A ideia é perceber que, quando outras pessoas emprestam seu olhar, podemos ver as coisas e, até mesmo nossa própria vida, sob outro prisma. Para o outro, ainda existe o encanto, o frescor e a novidade, que podem já não existir para nós. Por meio dele, podemos ver novamente, um brilho que havia nos escapado.
É lamentável não conseguirmos sustentar nossa impressão sobre as coisas, principalmente, no que tange a valorização do que temos e vivemos. Mas é importante entender que essa constante inquietação é, também, o que nos impele a amadurecer e aprimorar. Uma característica da condição humana.
Os gregos diziam que a humanidade foi a última criação de Zeus, mas depois de criar o mundo, faltou barro para finalizar sua obra. E ela não teve memória suficiente para ser plenamente consciente. Assim, criou as musas, para que pudessem ativar sua lembrança e lucidez, sempre que estivessem em contato.
Inacabados, precisamos do outro para nos ajudar quando nascemos e quando morremos, mas temos a ilusão de que, nesse hiato, fazemos tudo sozinhos. Ledo engano… O PHD em astrofísica sabe tudo de buraco negro, mas precisa de ajuda para exterminar cupins, comprar um celular, ou um presente para a filha.
Ninguém sabe tudo sobre tudo. Embora, a analogia nos permita usar nosso conhecimento prévio para compreender e resolver situações que, muitas vezes, não tínhamos, sequer, ideia da existência. Entender como lidar com elas, nem sempre, é saber, de fato, como e porque se dão.
Quem nos ajuda a ver o que não vemos, a perceber que a vida está muito pesada, que não estamos dando valor ao que importa, que nos empresta seu olhar, sua sensibilidade e empatia, se colocando no lugar do outro, interpretando outras vidas, nos oferecendo outros pontos de vista é – o artista.
Ele é o porta-voz da musa. Alguém que teve vocação, recebeu o chamado, seguiu o instinto, se encontrou e foi reconhecido como tal. Não escolheu viver da arte, mas aceitou viver para ela. O resto aconteceu em decorrência disso. A relação verdadeira entre arte e artista independe de profissão, carreira e público.
Um grande astro, muito famoso, pode ser, meramente, alguém com muita técnica e vazio de arte. Arte é expressão e pouco importa se é vendável ou não. Alguns astros são artistas, mas, para se vislumbrar o que é arte, é necessário ter certeza de que nem todo artista é um astro ou gostaria de ser um.
Muitos artistas se desenvolvem e elevam seu trabalho a níveis sublimes.

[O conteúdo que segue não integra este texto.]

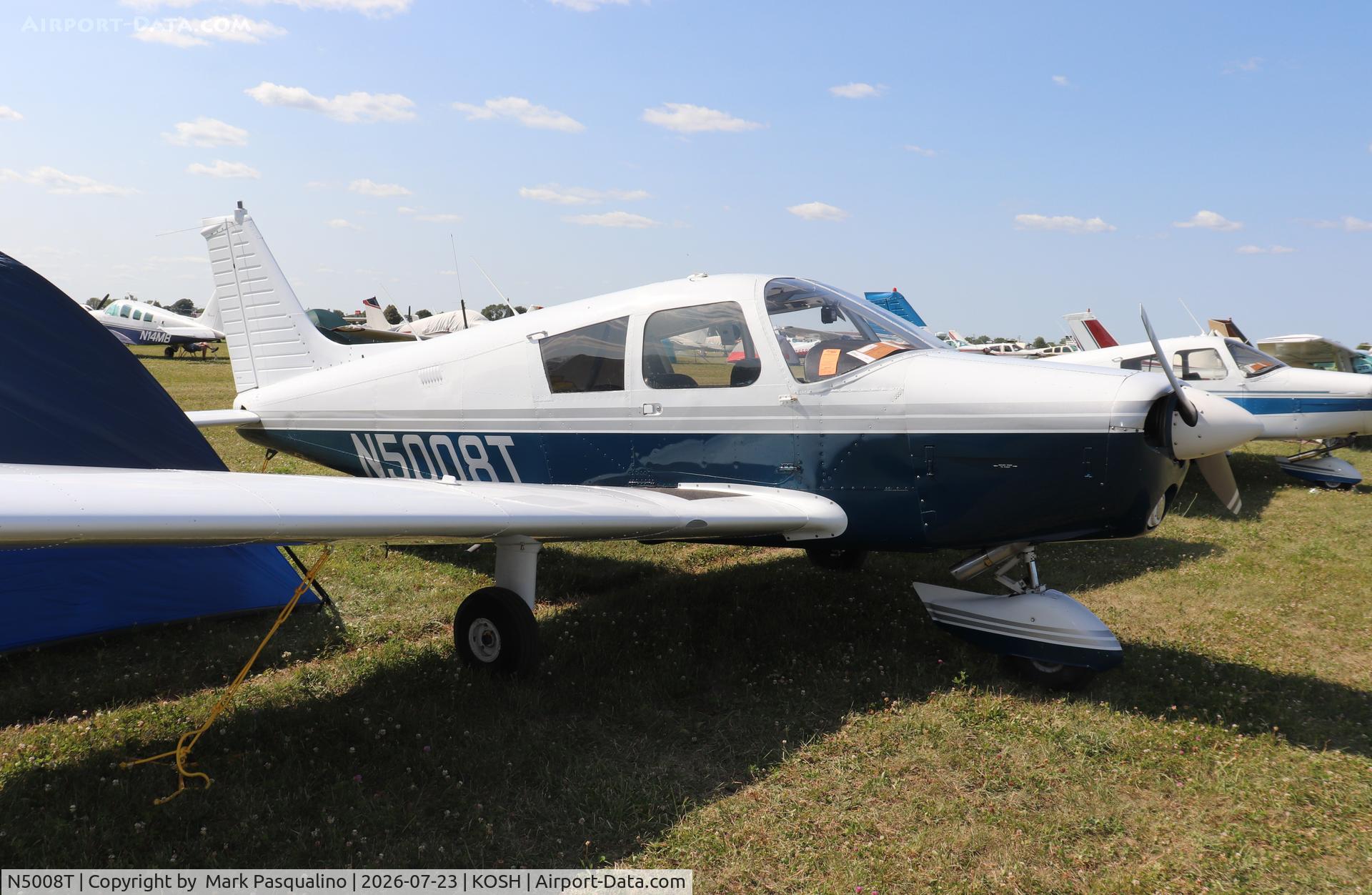 Aircraft N5008T, 1972 Piper PA-28-140, c/n 28-7225311, Piper PA-28-140, at KOSH, photo by Mark Pasqualino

Mas essa não é a realidade da maioria. Nem precisa ser. A arte é uma necessidade de todos, não carece de uma elite que a represente, nem de intelectos para ser compreendida. Ela, simplesmente, acontece e se adapta a cada contexto.
O artista é alguém que precisa compartilhar o que sente, por isso pinta, compõe, escreve, canta, toca, interpreta, dança… Se não o fizer, passa mal, precisa descarregar. Sua percepção é sensível aos dilemas que o cercam e, também, a questões levantadas por outros artistas e sua leitura pode se influenciar por ela.
A sensibilidade às diversas influências faz com que exista uma variação enorme entre os prismas de artistas diferentes sobre um mesmo assunto. Longe de ser uma incoerência, isso apenas reforça o fato de que a verdade é, sempre, maior ou, ao menos, diferente, do que a soma de todos os pontos de vista.
Cada um traz consigo a afirmação ou a negação de suas experiências. Isso não determina, mas influencia cada construção. Existe outro conto que diz, que quando esbarram na gente, derramamos o que trazemos dentro de nós. Como diria um bordão popular: “Cada um dá o que tem”.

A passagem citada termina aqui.